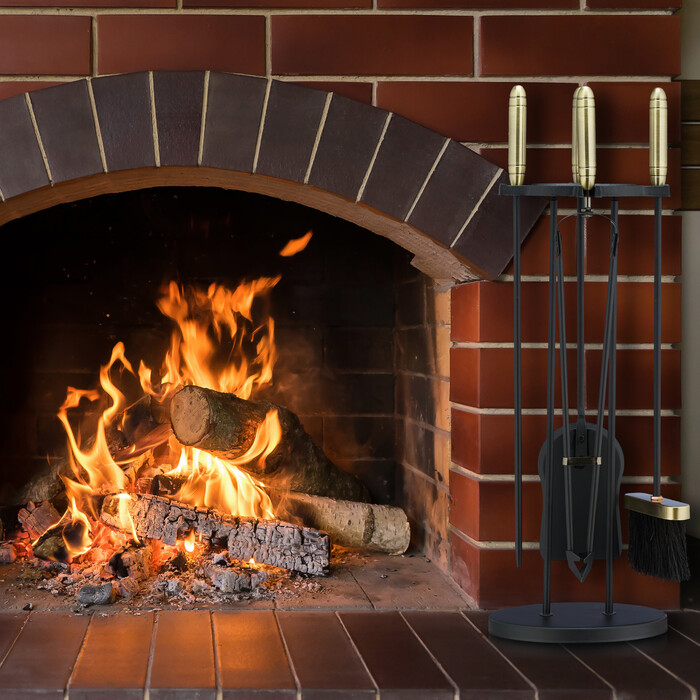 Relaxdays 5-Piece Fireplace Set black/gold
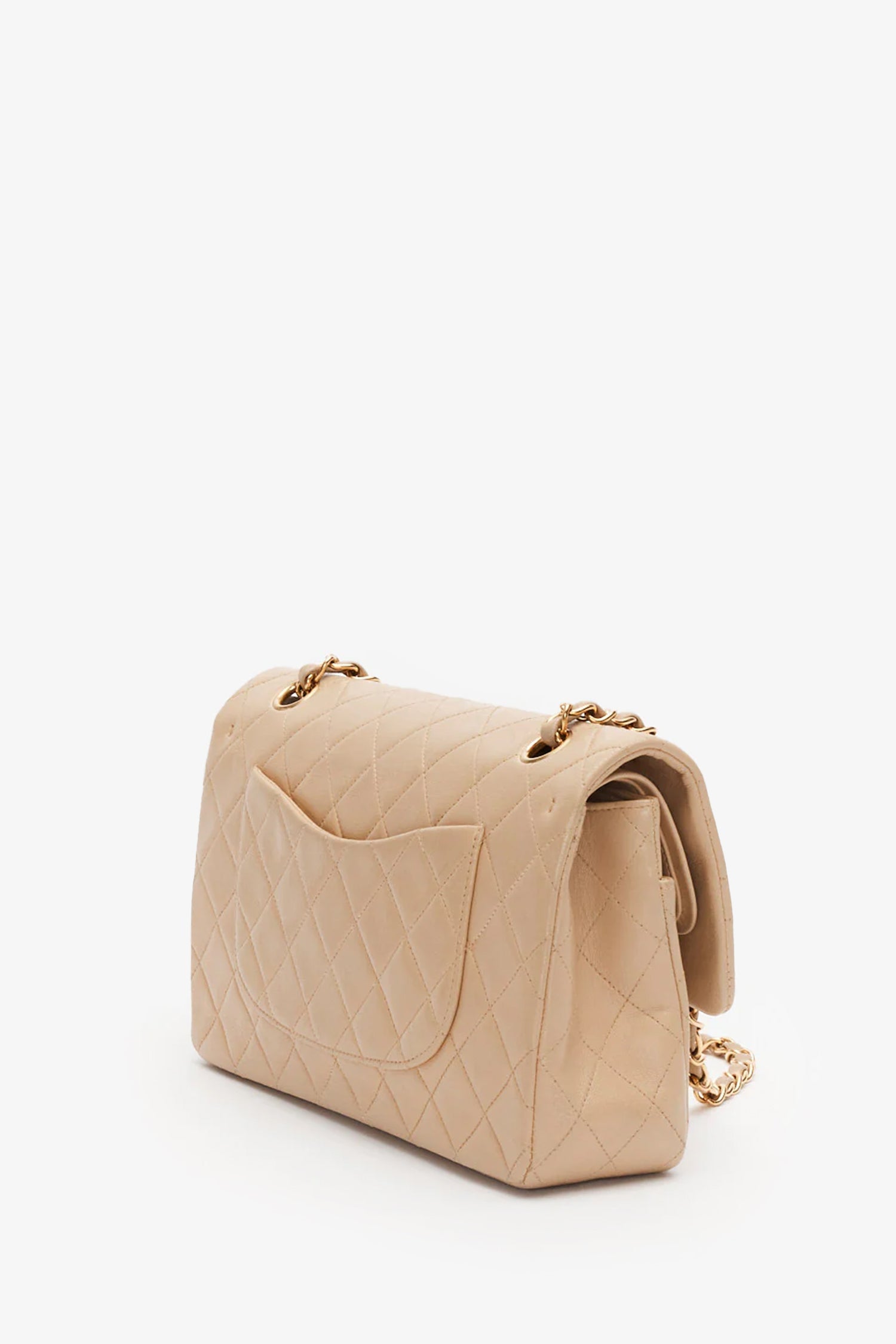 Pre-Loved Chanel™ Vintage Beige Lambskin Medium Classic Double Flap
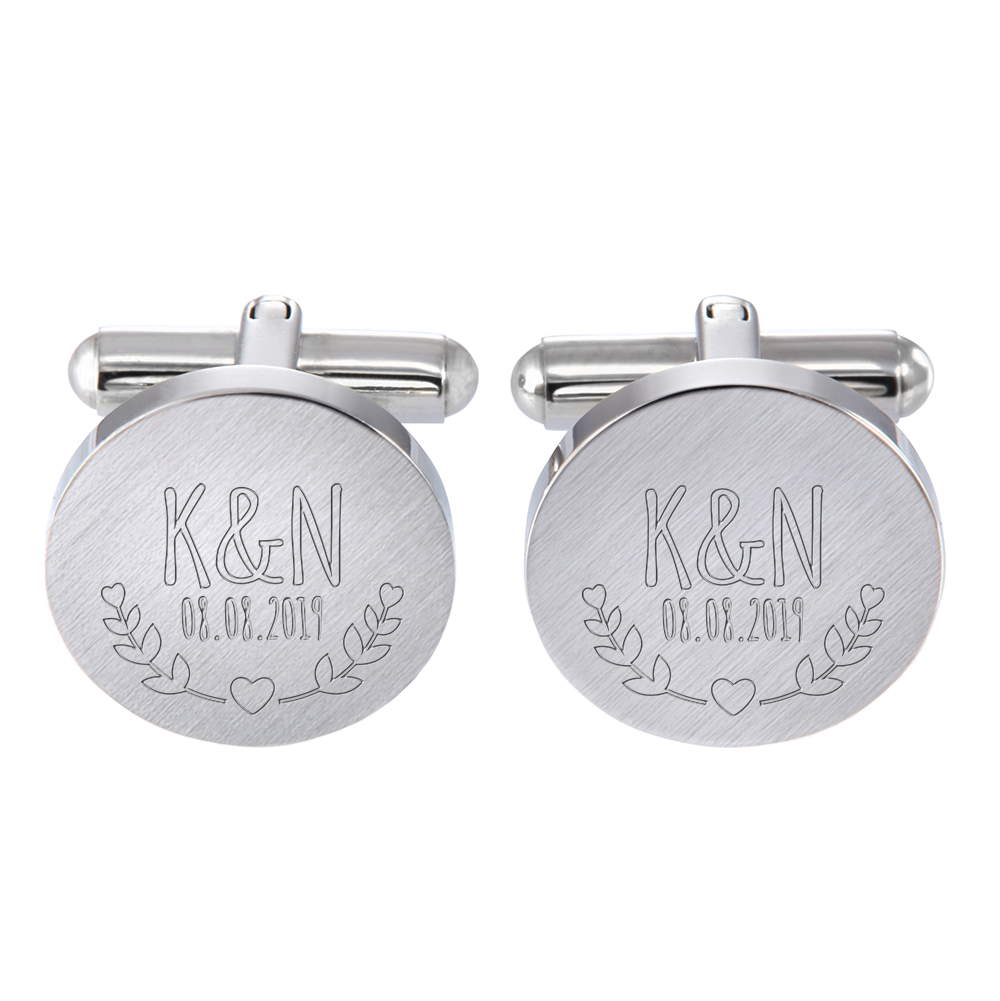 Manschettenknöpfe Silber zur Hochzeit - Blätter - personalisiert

• • • • • • •

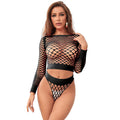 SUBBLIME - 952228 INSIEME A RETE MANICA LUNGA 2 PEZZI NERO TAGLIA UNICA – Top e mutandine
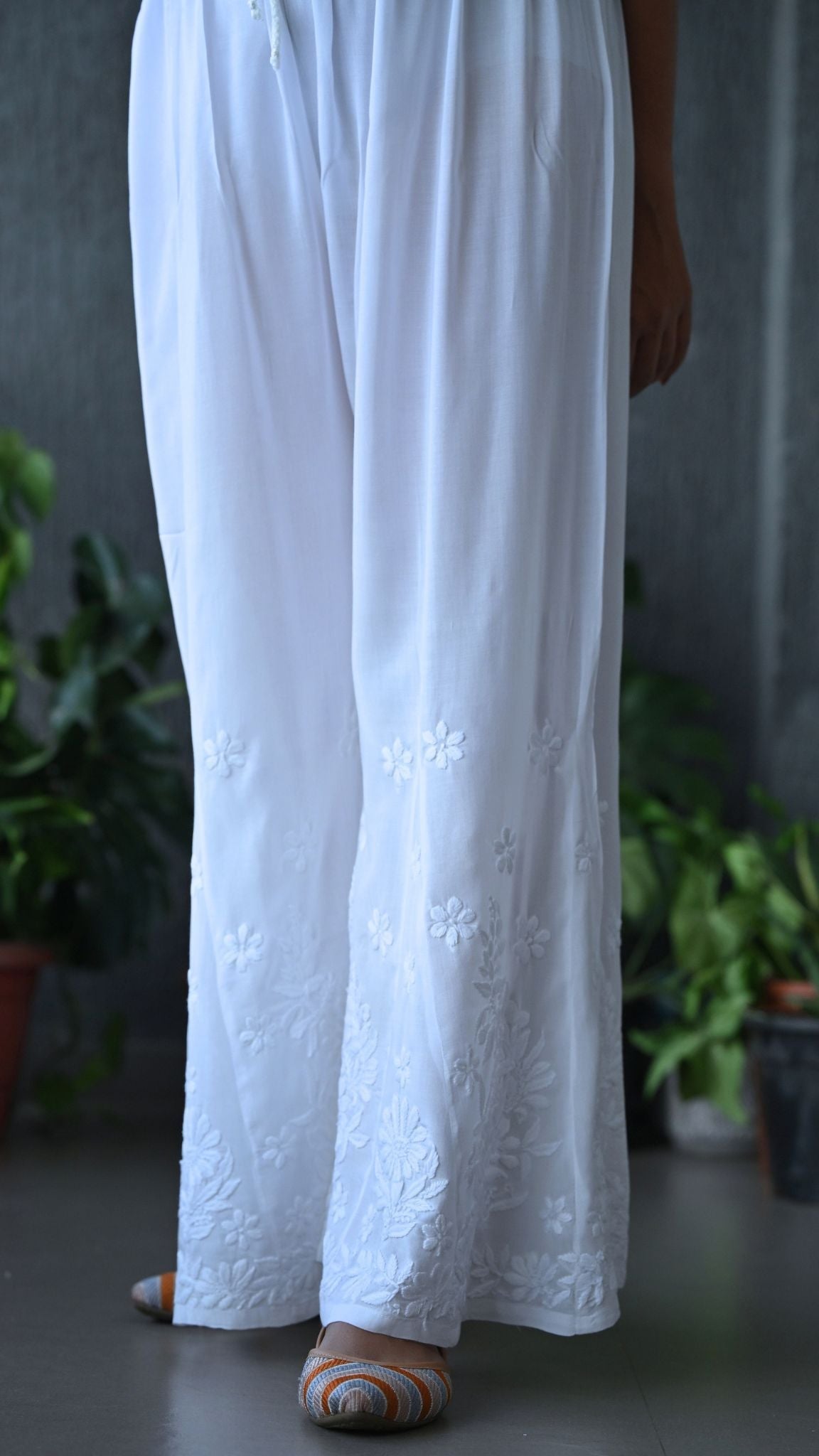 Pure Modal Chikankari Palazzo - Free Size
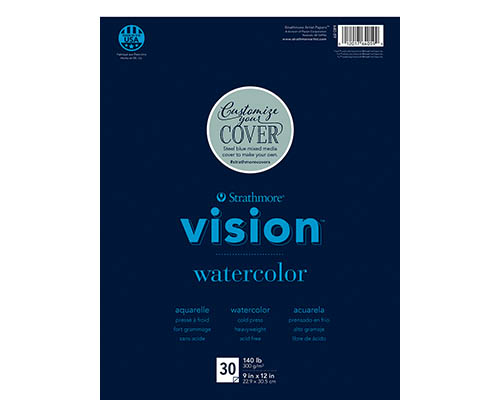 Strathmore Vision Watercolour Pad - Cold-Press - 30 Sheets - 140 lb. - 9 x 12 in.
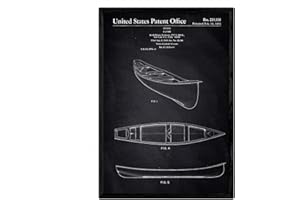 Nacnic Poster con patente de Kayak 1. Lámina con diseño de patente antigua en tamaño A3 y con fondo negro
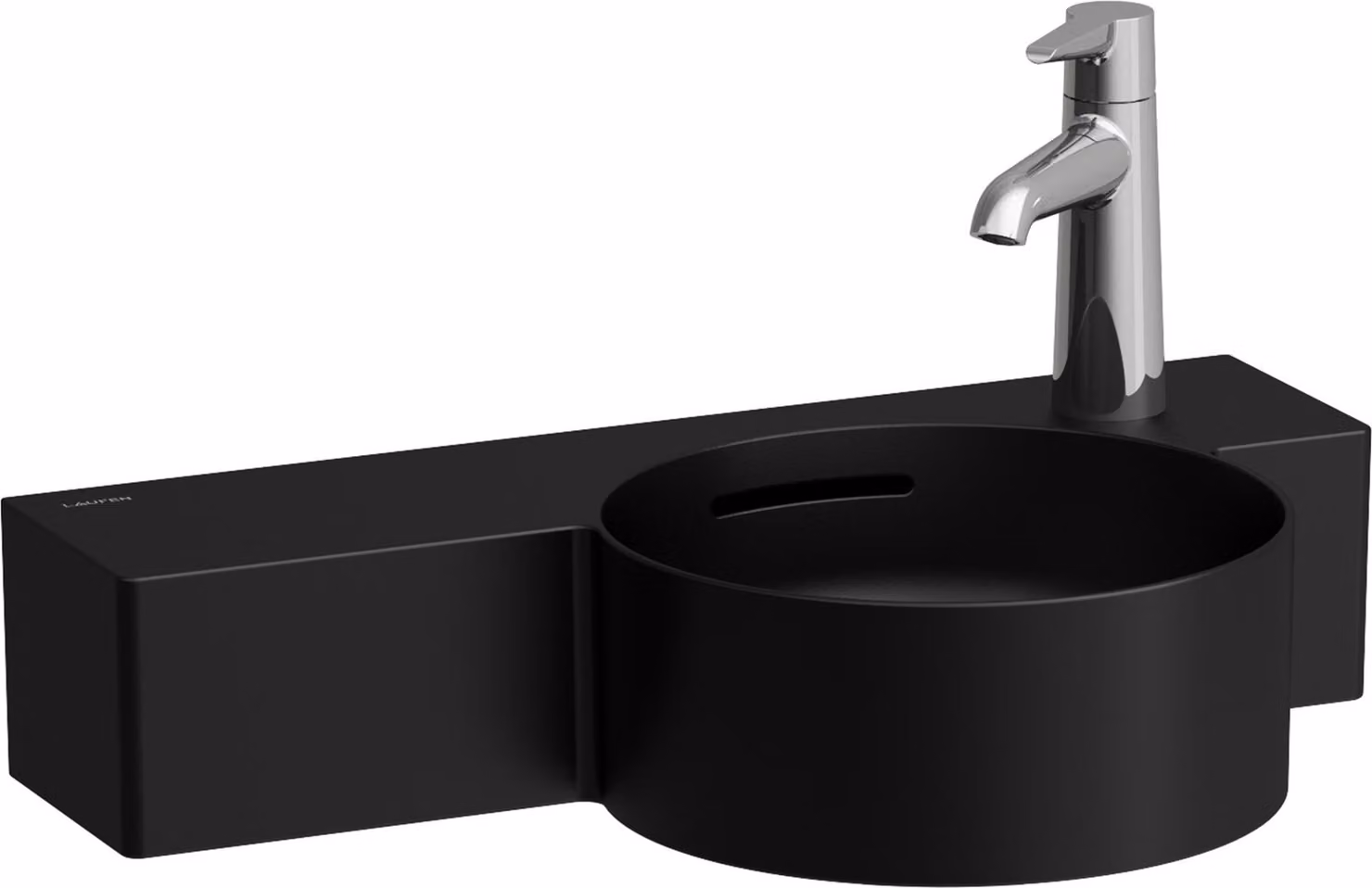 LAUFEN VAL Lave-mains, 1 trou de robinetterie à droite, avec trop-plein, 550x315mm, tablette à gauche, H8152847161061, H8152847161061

• • • • • • •

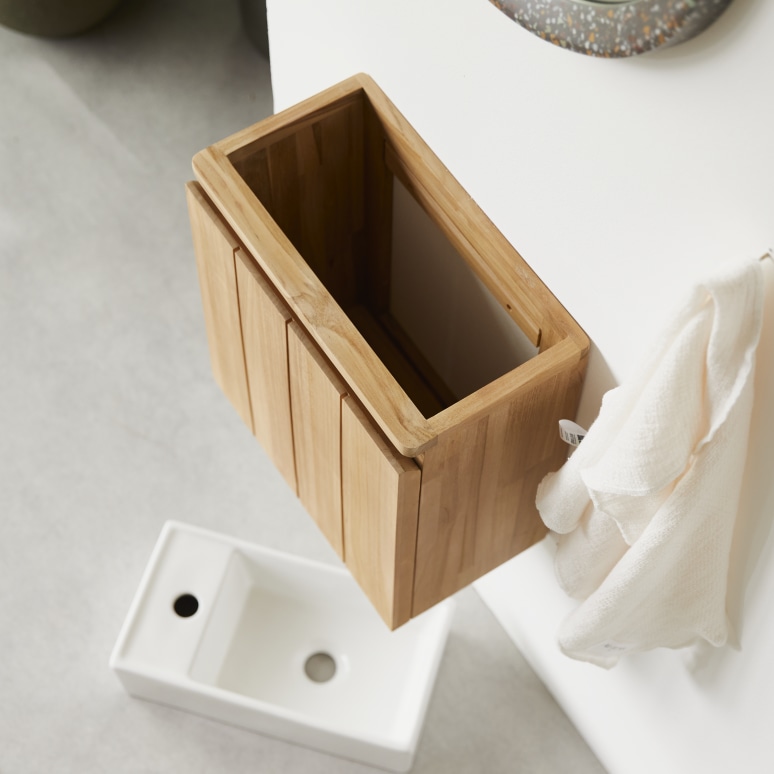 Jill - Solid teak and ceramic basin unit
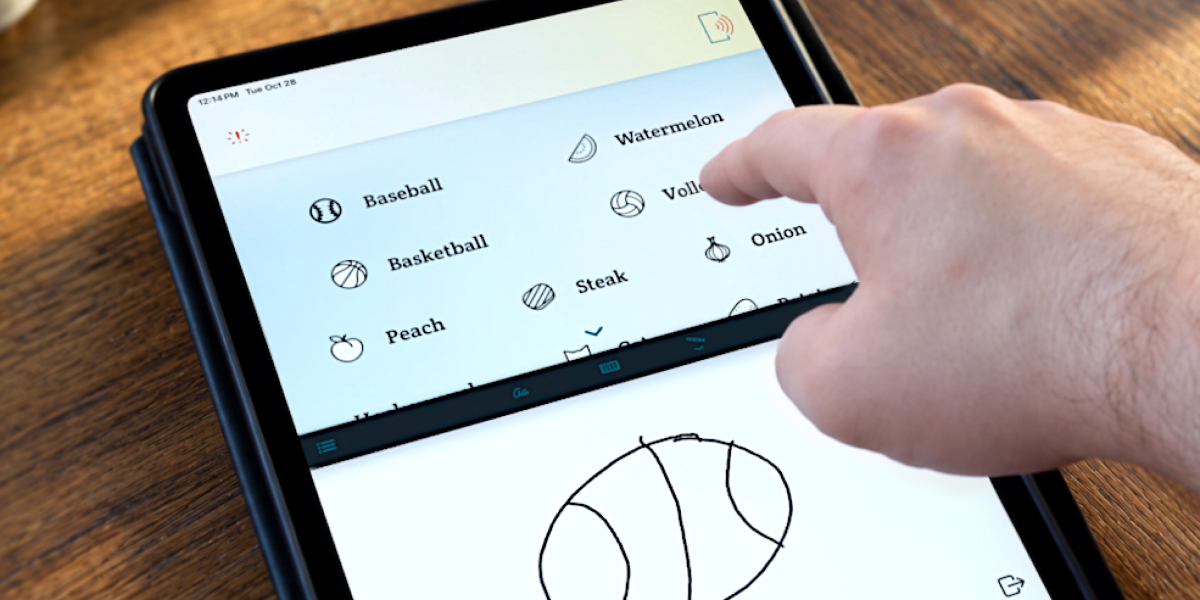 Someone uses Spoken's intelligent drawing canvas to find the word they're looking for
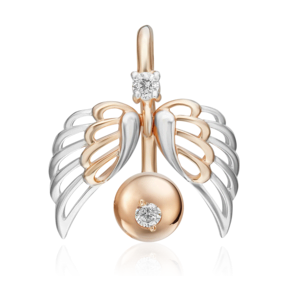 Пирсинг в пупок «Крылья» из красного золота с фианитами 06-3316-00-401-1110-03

• • • • • • •

(PROMPT)
Look back at the data above, then output exactly the lines from the line holding "SUBBLIME - 952228" up to and including the line holding "LAUFEN VAL Lave-mains, 1". Leave out the pictures.

(EXERCISE RESULT)
 SUBBLIME - 952228 INSIEME A RETE MANICA LUNGA 2 PEZZI NERO TAGLIA UNICA – Top e mutandine
 Pure Modal Chikankari Palazzo - Free Size
 Strathmore Vision Watercolour Pad - Cold-Press - 30 Sheets - 140 lb. - 9 x 12 in.
 Nacnic Poster con patente de Kayak 1. Lámina con diseño de patente antigua en tamaño A3 y con fondo negro
 LAUFEN VAL Lave-mains, 1 trou de robinetterie à droite, avec trop-plein, 550x315mm, tablette à gauche, H8152847161061, H8152847161061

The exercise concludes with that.